Chris made two balled fists. “How many fingers do I have?”
“In total or how many are you holding out I can’t see?”
“What do you mean? Are you fucking with me?”
“I’m going with ten. I always beat my friend Rich on bets. Ten is a good bet. It’s an odds bet.”
Chris had nine. His left index was neatly severed.
“Lost it in a metal lathe in Indiana.”
“I still think ten was a fucking good bet, Chris.”
The head front room manager clinked her shot glass with three bar/wait gals. They were comparing how well each of them could roll their eyelids back. It was really charming. Ironically, I noted that I was reading Marco Pierre White’s biography, The Devil In The Kitchen. White was the first English 3-Star Michelin chef and the youngest in history. I wasn’t sure if he could roll back his eyelids.

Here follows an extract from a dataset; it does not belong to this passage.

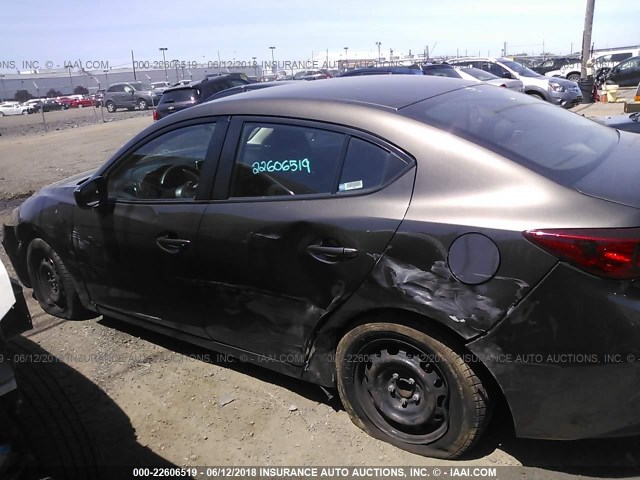 JM1BM1T70F1242995 - 2015 MAZDA 3 SV GRAY photo 6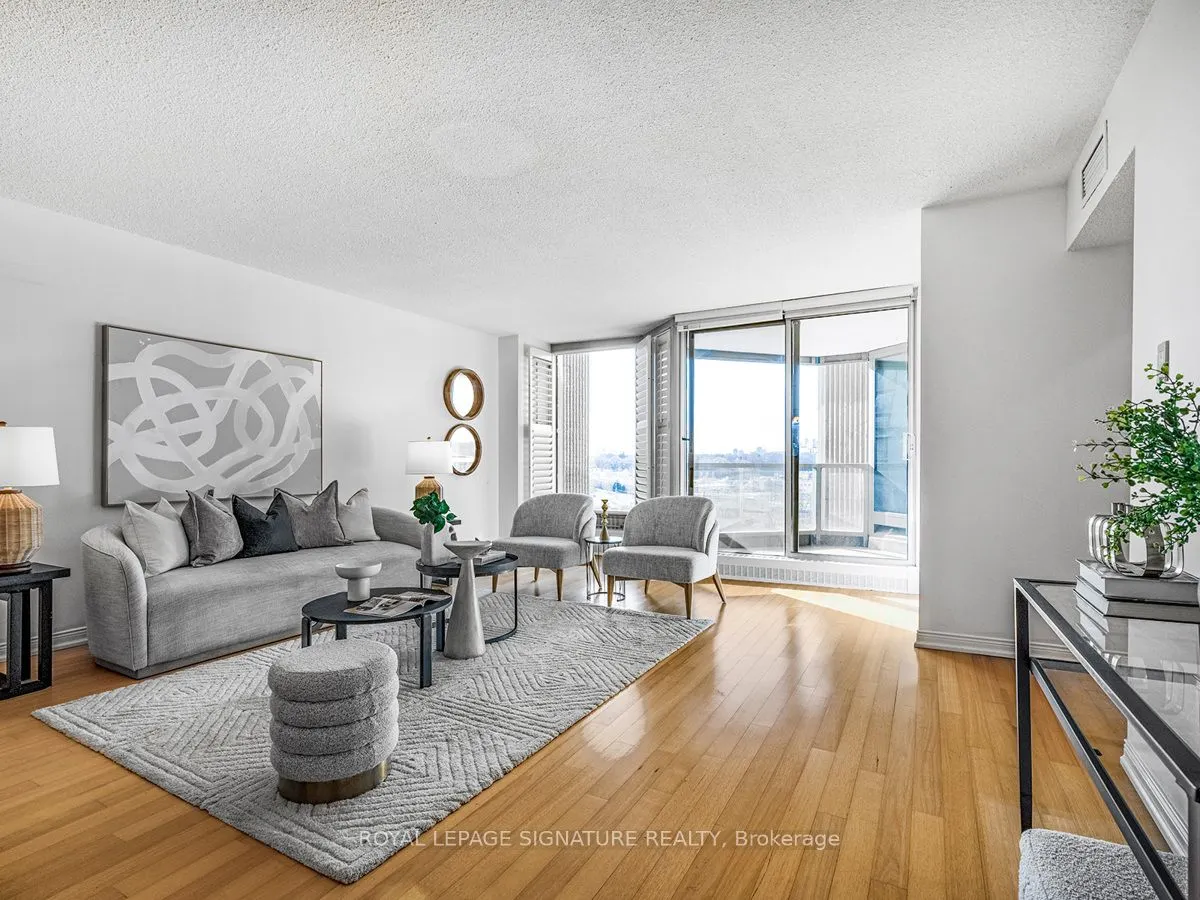 2045 Lake Shore Boulevard W, #1008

“I have titanium in my left middle finger. If I make a fist I can knock you on your ass.”
“I can just wait an hour and you’ll BE on your ass, Chris. Do you set off the detectors at airports?”
“What?”
“I bet it’s stiff as hell. Does it hurt when it gets cold?”
“Like a bitch, man. Like a bitch.”
“But I bet you can give yourself a fearsome hard-on with that thing, huh?”
Chris laughed and his eyes crossed a little.
“I like you, man. What’s your name again?”
The guy to my right was bitter about IBM. He works there. I guess from what he said they have 2,000 employees or so and care more about profits than people. Who would have ever guessed?
“Fucking ruthless these motherfuckers are. They chew you up and spit you out.”
“Did you make that up or read it somewhere?”
“Hey, what are you reading? Nobody reads in here? Is that a Blackberry? Fucking Blackberry. Those guys chew you up and spit you out.”